The moving story of political cartoonist and exile Josep Bartolí

Aurel’s multi-award-winning animated debut film Josep featured at Summerhall on January 30 and February 6 as part of the French Film Festival UK.

Introduced by the director of CinemaAttic and Catalan Film Festival Rafael Cueto in the small theatre of no more than 30 people, it made for an intimate viewing befitting to the emotional content and format of the film.

While this semi-biographical film may be told from the fictionalized perspective of a dying gendarme to his at first disinterested grandson, Catalan political cartoonist and exile Josep Bartolí experiences in French and Gestapo internment camps are genuine.

After fighting in Spanish Civil War, Josep flees Franco’s regime to France, and public opinion about Spanish refugees in the country is not on his side.

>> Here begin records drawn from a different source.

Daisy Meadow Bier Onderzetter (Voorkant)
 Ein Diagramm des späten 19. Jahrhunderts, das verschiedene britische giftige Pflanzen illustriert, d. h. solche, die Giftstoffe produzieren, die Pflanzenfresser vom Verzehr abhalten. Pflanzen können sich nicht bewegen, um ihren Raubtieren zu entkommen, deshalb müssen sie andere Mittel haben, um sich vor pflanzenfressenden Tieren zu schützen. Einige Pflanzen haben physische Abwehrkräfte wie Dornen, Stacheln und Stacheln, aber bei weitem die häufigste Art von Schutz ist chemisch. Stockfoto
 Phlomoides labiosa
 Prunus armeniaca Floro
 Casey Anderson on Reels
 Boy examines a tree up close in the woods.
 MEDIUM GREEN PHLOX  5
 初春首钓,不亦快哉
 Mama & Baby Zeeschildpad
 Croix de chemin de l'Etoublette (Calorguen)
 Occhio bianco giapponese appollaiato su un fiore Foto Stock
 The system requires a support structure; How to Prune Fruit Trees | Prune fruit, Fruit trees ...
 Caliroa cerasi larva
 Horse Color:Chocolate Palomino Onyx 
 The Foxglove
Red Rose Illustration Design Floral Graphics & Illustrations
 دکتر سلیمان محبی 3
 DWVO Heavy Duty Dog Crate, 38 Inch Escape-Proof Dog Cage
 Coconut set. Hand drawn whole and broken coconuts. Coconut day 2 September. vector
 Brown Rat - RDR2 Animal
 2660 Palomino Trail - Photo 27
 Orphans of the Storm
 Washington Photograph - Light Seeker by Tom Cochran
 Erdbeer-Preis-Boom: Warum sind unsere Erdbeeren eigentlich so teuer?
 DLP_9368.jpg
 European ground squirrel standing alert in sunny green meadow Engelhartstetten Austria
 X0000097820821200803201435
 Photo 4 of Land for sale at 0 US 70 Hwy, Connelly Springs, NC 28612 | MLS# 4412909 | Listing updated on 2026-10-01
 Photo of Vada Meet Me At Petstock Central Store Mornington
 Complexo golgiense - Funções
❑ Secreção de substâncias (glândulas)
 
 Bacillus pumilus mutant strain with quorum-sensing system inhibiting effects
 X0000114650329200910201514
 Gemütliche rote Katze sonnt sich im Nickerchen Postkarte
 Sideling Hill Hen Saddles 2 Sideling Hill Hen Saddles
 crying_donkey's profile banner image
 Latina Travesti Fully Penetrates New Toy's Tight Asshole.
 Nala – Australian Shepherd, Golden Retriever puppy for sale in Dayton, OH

Separated from his pregnant fiancé who we later learn died in a Nazi bombing of her train, Josep poignantly captures the reality, abuse and injustices he experiences and witnesses during internment on pencil and paper, which feature in with Aurel’s own reimagining of Josep’s tale.

After Josep escapes – twice – he ends up in Mexico where he meets Frida Kahlo, who had made a cameo earlier in the film in one of the moments where Aurel blends reality and dream-like fantasy, and publishes them in Campos de concentración, which you can still find in print today.

An all-altogether moving film whose deliberate use of colour with hints of magical realism and humour contrast with the grotesque nature of others to evoke conflicting emotions.

Especially when combined with the harrowing reality of abuse, starvation and deprivation experienced by Josep and indeed all those forced into internment camps, and his rather colourful – literally in this animation – life afterwards.